Real Life

All my life, I’ve been hearing about “The Real World”, that ominous, ambiguous, paramount future, whose preparation was the goal of all my public education.


I’ve shifted from hanging out with 20-somethings who are definitely still not in The Real World, to 8 year-olds who are being prepared for 4th grade, where they will be prepared for 5th grade, where they will be prepared for 6th grade, where they will be prepared for Middle School, where they will be prepared for High School, where they will be prepared for College, where they will be prepared for… The Real World?

Wait, what? I’ve realized that in taking steps to prepare for The Real World, we spend at least a quarter of a century in Preparation Mode; that is, outside The Real World. So where are we, anyway?


I submit that The Real World begins at birth. We’re on this earth to have valuable life experiences, and to say that what takes place before getting your Doctorate isn’t real is to undermine God’s plan. Maybe I’m not working 40 hours a week. Maybe my students don’t have as many responsibilities now as they will someday. Maybe the High School senior still lives at home. (Heaven forbid!) But I don’t think any of those qualities remove reality from the world.

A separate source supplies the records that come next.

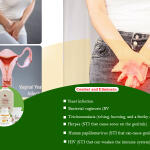 Vaginal Infections Treatment Medicine in Ghana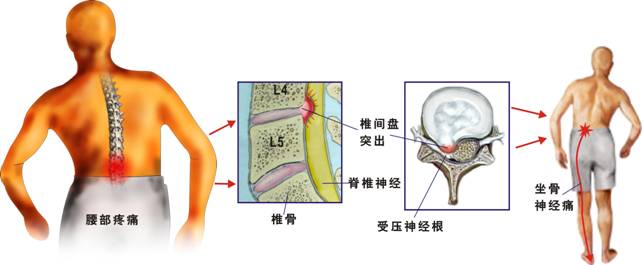 腰椎滑脱的锻炼图片_腰椎间盘怎么锻炼图片_腰椎锻炼恢复强直性脊柱炎图片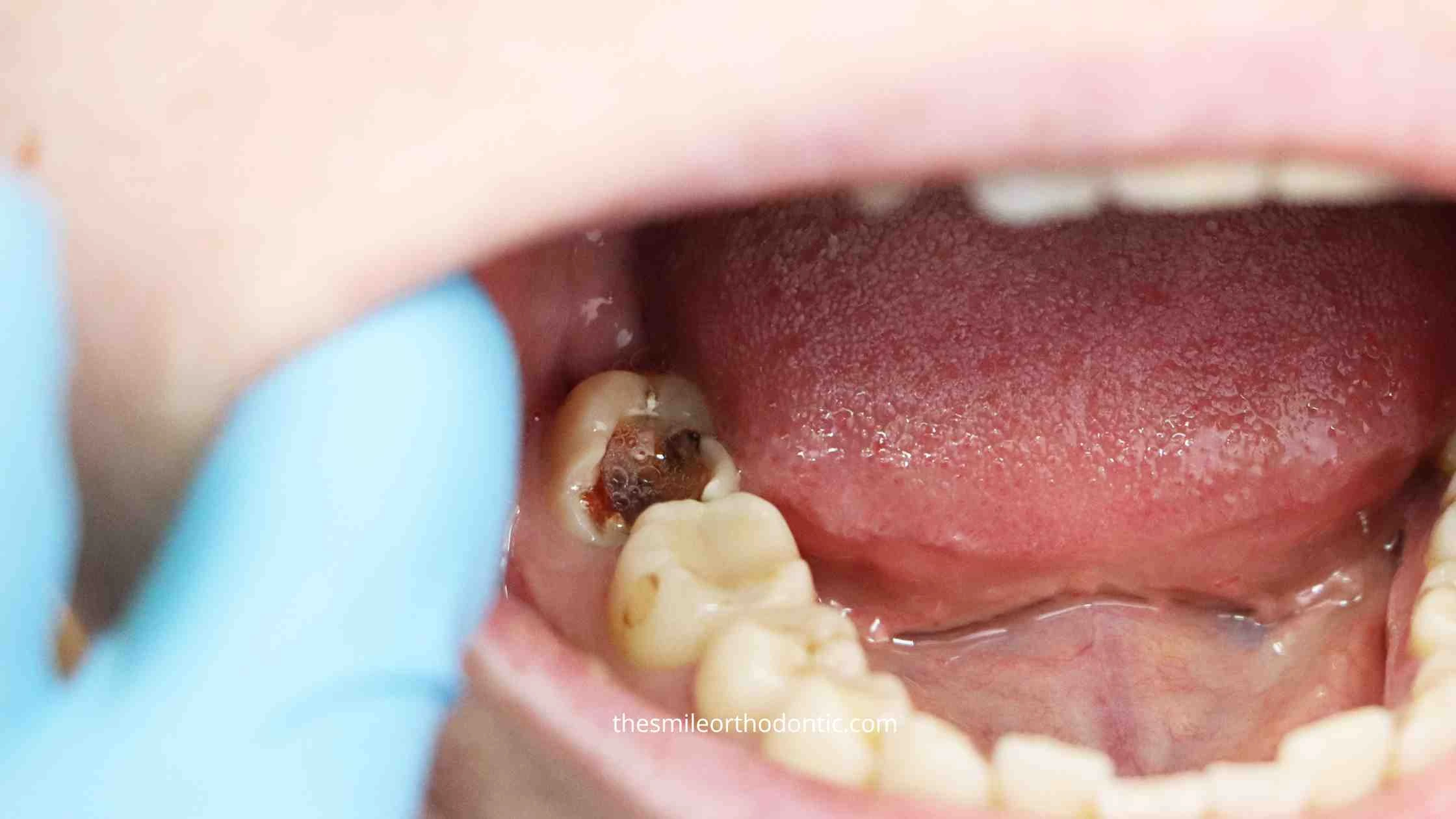 Tambal gigi berlubang parah perlu perhatian khusus karena kerusakan yang lebih dalam pada gigi. Cek penjelasan dokter gigi!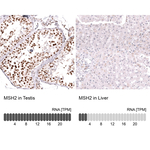 MSH2 Antibody in Immunohistochemistry (Paraffin) (IHC (P))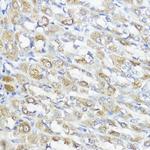 GPX2 Antibody in Immunohistochemistry (Paraffin) (IHC (P))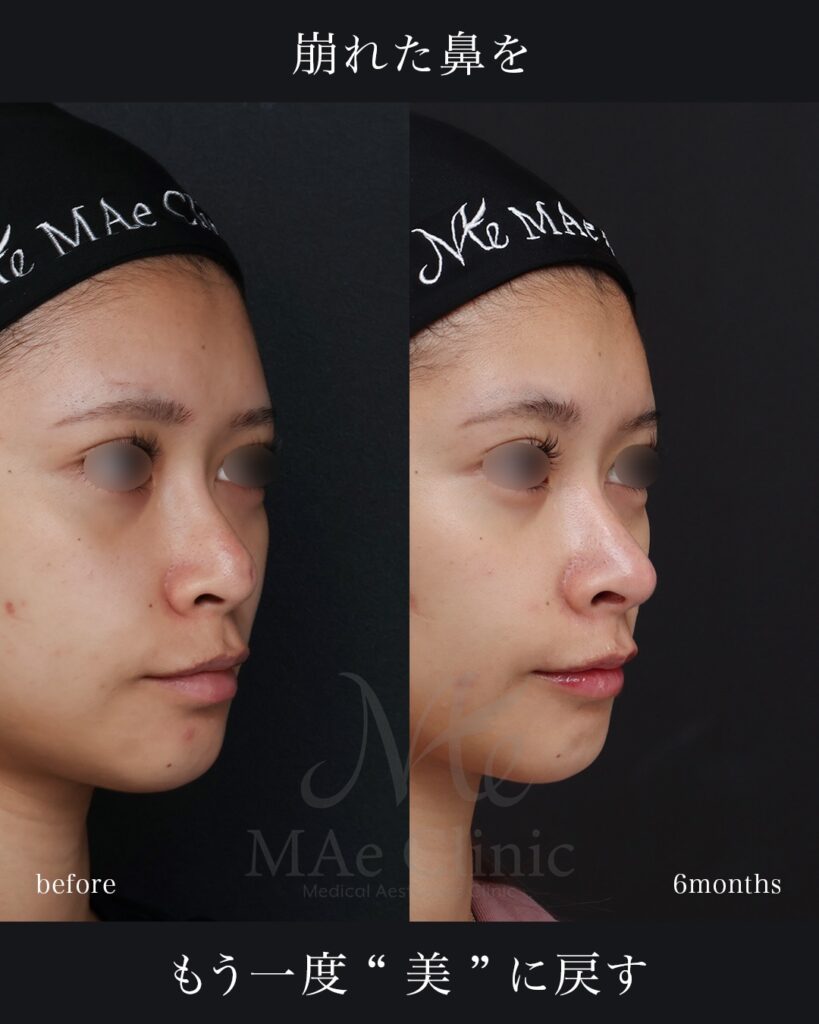 鼻中隔延長（肋軟骨） 猫貴族手術 隆鼻（肋軟骨） 鼻尖形成 鼻尖軟骨移植 他院プロテーゼ抜去 前田翔医師症例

A voluntary raise of hands from my third graders told me that roughly 70% of my class has had or currently has a parent or parents in prison. To my knowledge, at least 25% of my students don’t live with both parents. If that’s not real life, I don’t know what is.


The world kids live in is cold and hard and REAL, and I think we’re doing them a disservice by always harping on about The Real World and how different and great and scary and the same and new and messed up it is. They don’t need to hear that. They’re living in it.

LIFE is The Real World. Every experience we have is significant, no matter how old we are, or what state of life we find ourselves.

2 thoughts on “Real Life”

  1. I don’t think that the idea behind labeling adult life as the “real world” isn’t to say when a person will have meaningful life experiences. We all know that childhood and adolescences are full of them. But rather the point of using the phrase “the real world” is to differentiate the typical, relatively carefree life of a child vs. an adult trying to manage their job and family life in order to feed, clothe, and house them while paying taxes, taking care of bills, and working as much as they can. Of course, every metaphor has its limitations and a lot of kids have to grow up pretty fast, such as the kids in your classroom. But I would guess that the majority of kids don’t have to go through things as traumatic as that, and so I would say that the “real world” moniker is correct.